He knows the loss I experienced with my mother.
He knows the importance of fleeting moments.
“How was your day?” I ask the two of them as Posey looks up at me with more ice cream around her mouth. “Did you and Lincoln have a good day?”
Posey eagerly nods before she rattles off the things the two of them did. Lincoln took her to the park, they had a tea party, and he took her to the ice rink. Posey’s face lights up as she tells me that he skated her around because there weren’t any skates that were her size.
I look at Lincoln. He told me he had nothing today and could watch her. The last thing I wanted to do was inconvenience him. “You had practice?”
He gives me a coy smile and shrugs his shoulders. “I did, but we made it work.”
“Why didn’t you tell me? I wouldn’t have burdened you with watching her.”
He stares at me for a moment as he sets his spoon down in his bowl. “Because you didn’t burden me, Nova. She had a great time seeing the guys and getting toted around on the ice by everyone.” He pauses for a moment, looking at Posey before he looks at me. “Our coach’s daughter was there because she’s interning for the organization, and she kept an eye on Poe while we went through our drills.”
Posey is filled with smiles and giggles as she hangs on every last word that falls from Lincoln’s lips. “Mommy, look!” she says with excitement as she quickly ducks under the table, grabs her small backpack and comes back to me. I watch her for a moment as she digs inside of it and pulls something from it. “I got a pfuck!”

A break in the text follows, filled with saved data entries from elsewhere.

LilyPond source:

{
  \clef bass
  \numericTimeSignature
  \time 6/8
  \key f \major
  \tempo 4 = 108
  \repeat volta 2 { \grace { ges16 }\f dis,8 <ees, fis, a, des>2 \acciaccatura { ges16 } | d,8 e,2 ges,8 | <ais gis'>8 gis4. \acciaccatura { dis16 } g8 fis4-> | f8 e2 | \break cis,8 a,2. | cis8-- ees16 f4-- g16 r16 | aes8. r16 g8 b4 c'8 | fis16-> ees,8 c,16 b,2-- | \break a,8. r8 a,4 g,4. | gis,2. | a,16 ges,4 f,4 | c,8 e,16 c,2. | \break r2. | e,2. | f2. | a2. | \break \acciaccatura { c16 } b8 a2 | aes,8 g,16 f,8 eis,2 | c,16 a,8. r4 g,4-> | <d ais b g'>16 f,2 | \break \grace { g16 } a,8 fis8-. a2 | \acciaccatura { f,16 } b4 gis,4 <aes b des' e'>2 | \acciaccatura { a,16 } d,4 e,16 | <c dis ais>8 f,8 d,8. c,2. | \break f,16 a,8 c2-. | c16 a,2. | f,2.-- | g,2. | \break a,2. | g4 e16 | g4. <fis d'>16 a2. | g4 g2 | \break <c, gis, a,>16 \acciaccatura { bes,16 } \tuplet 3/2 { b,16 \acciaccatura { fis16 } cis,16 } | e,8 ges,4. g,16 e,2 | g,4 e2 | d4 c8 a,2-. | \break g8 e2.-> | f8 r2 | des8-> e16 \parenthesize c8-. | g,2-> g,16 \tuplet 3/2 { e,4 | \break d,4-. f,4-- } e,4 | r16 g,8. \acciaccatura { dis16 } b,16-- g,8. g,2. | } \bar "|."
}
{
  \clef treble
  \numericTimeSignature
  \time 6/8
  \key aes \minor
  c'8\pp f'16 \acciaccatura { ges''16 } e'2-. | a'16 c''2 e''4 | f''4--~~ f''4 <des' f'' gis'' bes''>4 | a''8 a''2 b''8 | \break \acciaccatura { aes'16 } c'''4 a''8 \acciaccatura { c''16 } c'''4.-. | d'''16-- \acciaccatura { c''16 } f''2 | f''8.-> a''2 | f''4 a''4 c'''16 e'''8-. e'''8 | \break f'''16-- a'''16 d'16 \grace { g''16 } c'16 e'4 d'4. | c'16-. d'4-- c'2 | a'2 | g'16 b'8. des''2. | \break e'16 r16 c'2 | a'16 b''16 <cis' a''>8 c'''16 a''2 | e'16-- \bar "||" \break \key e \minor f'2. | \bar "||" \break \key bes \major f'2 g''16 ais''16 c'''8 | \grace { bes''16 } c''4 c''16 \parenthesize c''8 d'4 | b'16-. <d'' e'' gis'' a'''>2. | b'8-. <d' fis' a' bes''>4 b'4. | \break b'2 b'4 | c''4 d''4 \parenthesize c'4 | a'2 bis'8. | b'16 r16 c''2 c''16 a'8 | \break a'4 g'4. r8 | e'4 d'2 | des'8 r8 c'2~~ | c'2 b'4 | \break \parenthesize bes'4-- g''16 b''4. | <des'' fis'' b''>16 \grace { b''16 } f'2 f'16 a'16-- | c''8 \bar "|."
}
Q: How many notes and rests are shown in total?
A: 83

She holds up the black piece of rubber, handing it to me as I look at it. I turn it in my hands, flipping it over to the other side when I see a little note written on it.
For my favorite girl.
#7 LM
Those damn tears prick the corners of my eyes as I look up at Lincoln across the table. “You signed it for her.”
“I thought she might like to have one from her favorite player,” he says softly with a wink before he smiles at my daughter. “She’s special,” he tells me, his voice quiet and filled with emotion as he looks back at me again. “Just like you, supernova.”
Well, fuck.
If I wasn’t already a melted puddle, I certainly am now.
I’m at a loss for words, but the blush creeping across my cheeks says enough. Lincoln continues to watch me as pushes his spoon through his ice cream and lifts it to his mouth. I stare at him, not breaking eye contact as he slides it into his mouth and licks it clean. The thought of his tongue on my flesh breaks through my thoughts, and I can’t think about that right now.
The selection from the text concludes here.